Friday, October 31, 2008

This just in: I know where I’m going.

Photo from a local wedding procession.

We learned our site placements this afternoon; didn’t realize just how anxious I’ve been until I felt the wave of relief when I learned about my town and the surrounding area.


For security purposes I can’t blog my exact location – email me privately if you want more info! – but I will be way down south, about an hour inland from the coastal resort city of Agadir. Hot climate, near a beach and less than five hours from Marrakesch – how did I manage to score this?



My site is quite small, only 3,000 residents, but it’s flanked by two good-sized cities, so I should have everything I need close to hand. The town is surrounded by orange farms; the current volunteer there tells me I’ll have all the free oranges and clementines I can eat. Sounds heavenly. Other local agricultural endeavors include honey and argan oil, an expensive oil used for cooking and for facial creams.

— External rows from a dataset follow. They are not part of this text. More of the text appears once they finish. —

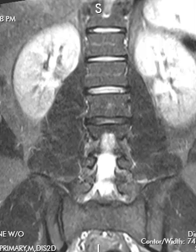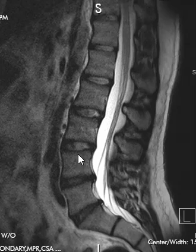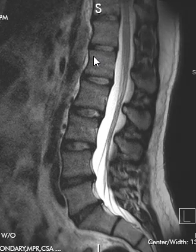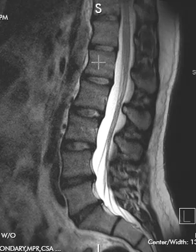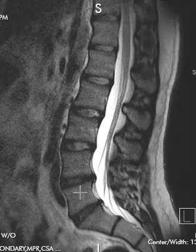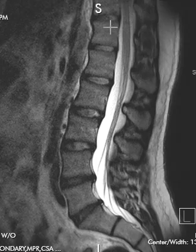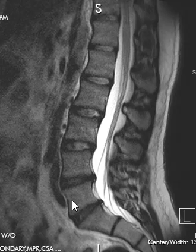Then we switch over to a side view called a sagittal view. On the sagittal view we can see the vertebral bodies in profile. This is the very back of the patient, this is the table they lay on, and this bright band is normal subcutaneous fat. These areas back here are called the spinous processes, and these are the vertebral bodies: L1, 2, 3, 4, 5 — so five lumbar vertebral bodies are present. Above the lumbar spine is the thoracic spine, and down below is the sacrum.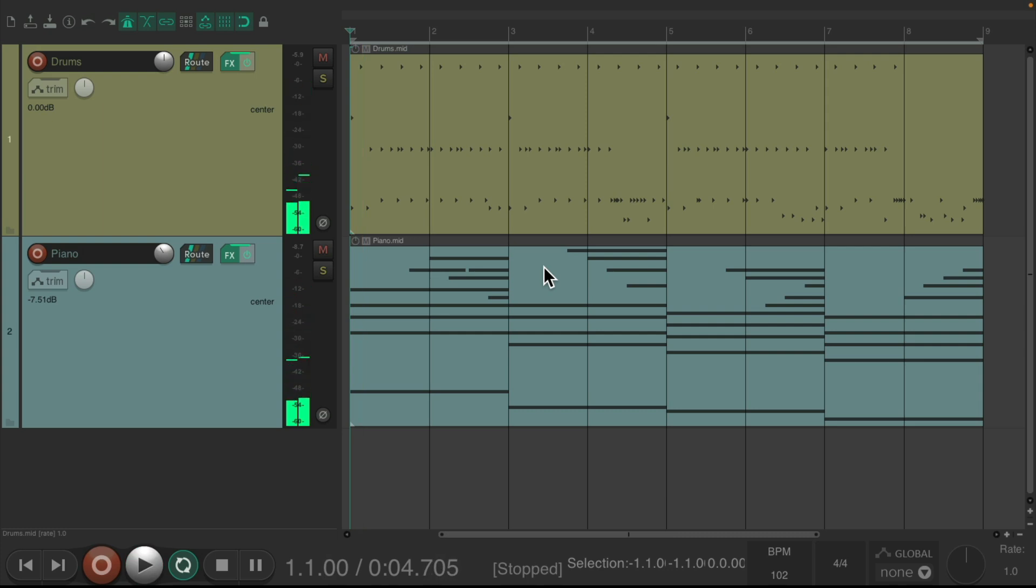So in part one of this video, I showed you how we could adjust velocity using the MIDI editor and event properties. By dividing our velocities and bringing up the result, we could basically compress the output so that the quiet notes are a bit louder and the loud notes are a bit quieter. Basically reducing their dynamic range.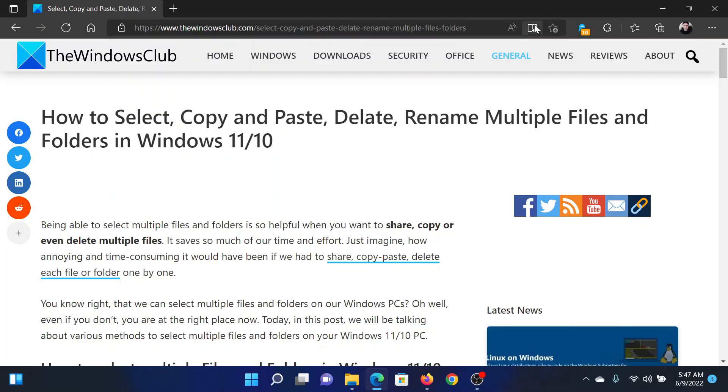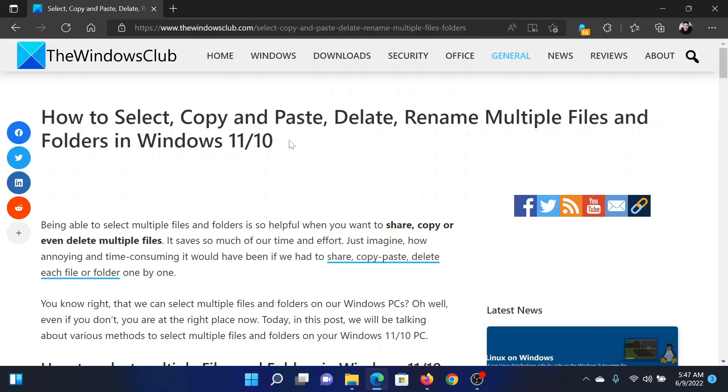Welcome to The Windows Club. If you wish to select, copy, paste, delete, or rename multiple files and folders in your Windows computer at once, then either read this article on The Windows Club or simply watch this video. I will guide you through the procedure.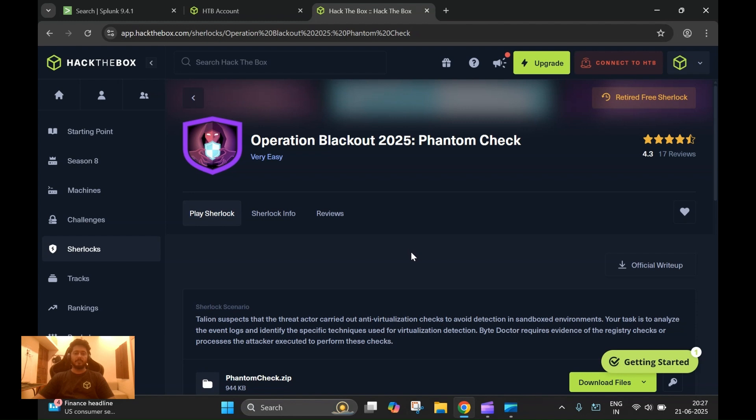Hello everyone, welcome to the Sherlock series of Operation Blackfoot 2025. In this video I'll be walking you through one of the Sherlocks from the same CTF.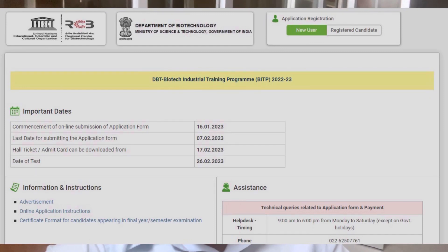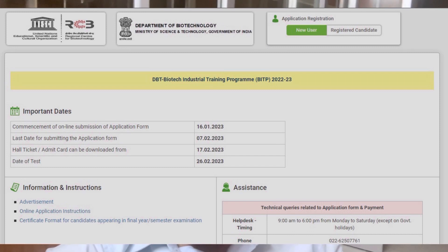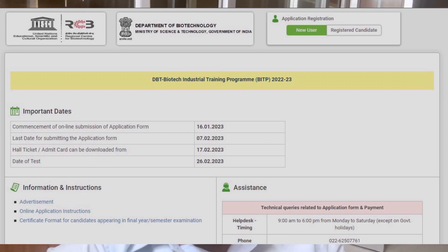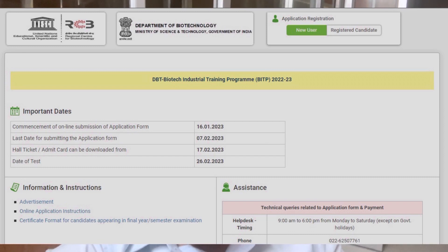The Biotechnology Industrial Training Program is a 6-month program under the Central Government. The last date for the examination is 7th February, and the examination is scheduled for February or March. There is a gap period before the examination.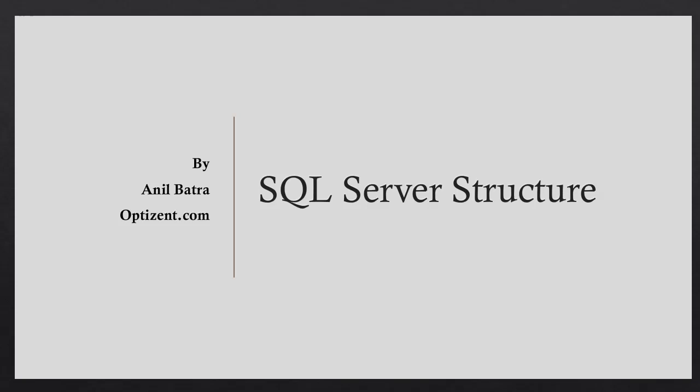Before proceeding to write SQL Server queries, let's spend some time to look at how SQL Server is structured.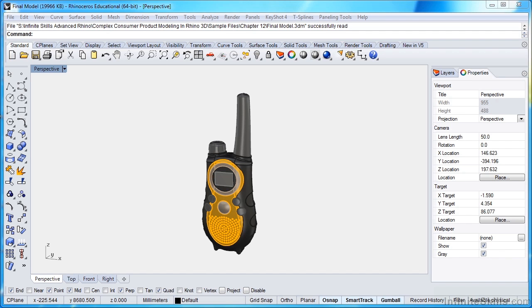Now I'm working in Rhino 5, but wherever appropriate I will mention how Rhino 4 will treat things differently so that you're aware of it if you are working in Rhino 4.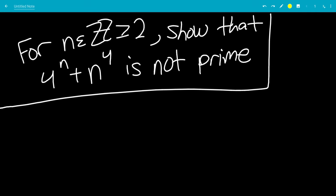In this video, we're going to do a number theory question: show that 4 to the n plus n to the 4th is not prime for n an integer bigger than or equal to 2.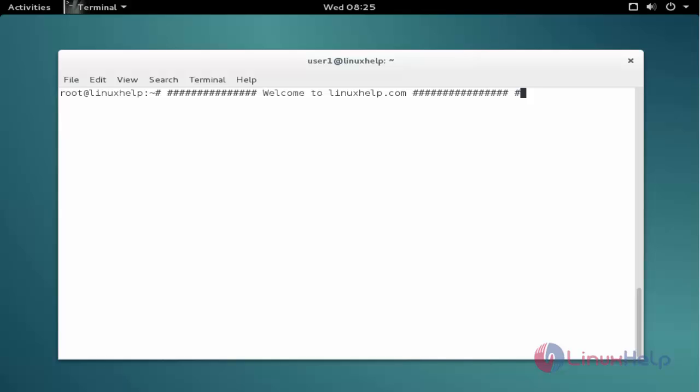Welcome to linuxhelp.com. Now I am going to explain the topic about how to install Qpdf View on Debian 8.3.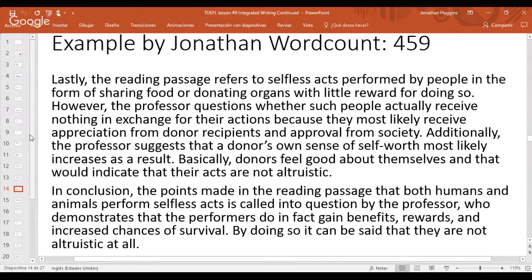I'm using linking words like 'lastly,' 'however,' 'basically,' 'additionally,' and 'in conclusion,' and using a variety of synonyms and different grammatical structures — such as relative pronouns and clauses with 'which' and 'whether' — to show variety in vocabulary and grammar and clearly link the ideas.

As soon as I read the current volunteer’s description, I this is the right town for me. Thought I wanted a large community, but small suddenly sounds more manageable (especially knowing I can easily get to a city when I need something). The dar chebab is very active when it comes to boys, but there are opportunities aplenty to encourage girls and young women to get involved. There’s also an active nedi neswi, or women’s center.


I will be only the second Peace Corps volunteer the town has ever had. The current volunteer is very enthusiastic and says my host family can’t wait to meet me. Very few people in town speak English; that sounds daunting, but she says she managed just fine despite having little Darija at first.


It’ll be a busy week – meeting my new host family, seeing the local dar chebab, starting the paperwork for my Moroccan work card and bank account, finding a Darija tutor and learning my way around town. And, of course, staying up all night Nov. 4 for the U.S. election results.


Inshallah, I’ll also be setting up a post-office box – so bring on those care packages! And I may have jumped the gun on my pleas for Polarfleece and wool socks; I’ll scope the situation out and let you know. I’ll have to email the address to y’all privately rather than post my exact whereabouts here.


Can’t wait to meet my new home; I’ll post an update to introduce you as soon as I’m able. May be awol for a while in the meantime, but don’t worry – I’m on top of my game and couldn’t be more excited. Frxhna bzzf! (I’m very excited) (And I’ll be warm!)



Leaving CBT.

We had a final party with all of our families before leaving our community-based training site. They dressed us to the nines in caftans and costume jewelry. I find it difficult to feel attractive in such heavy, bulky fabrics, but everyone gasped when we entered the room. Good fun. Lots of pastries. Lots of slightly hshuma dancing.


This is me with my Hajja and her youngest daughter, Khadija. “Formidable” is the best word to describe Hajja. She’s a force – in her community, in any room she enters. Very religious and conservative, yet also extremely laid back (“Self-service!” she’d call to me me in broken English when I arrived home late every evening, pointing me toward the kitchen) and very, very drifa (kind). I’ll miss her.



Quote of the day.

Htta haja masa3iba: “Nothing is hard.”
– the owner of the shop where I had some photos printed.

(I would say that he’s obviously never tried to learn another language, but he taught himself English via books and “Dr. Phil”)


Thursday, October 23, 2008

Head above water, bobbing.

“I have been standing on the side of life, watching it float by. I want to swim in the river. I want to feel the current.”
– from “Loving Frank” by Nancy Horan

Candace on the steps outside her host family’s dar.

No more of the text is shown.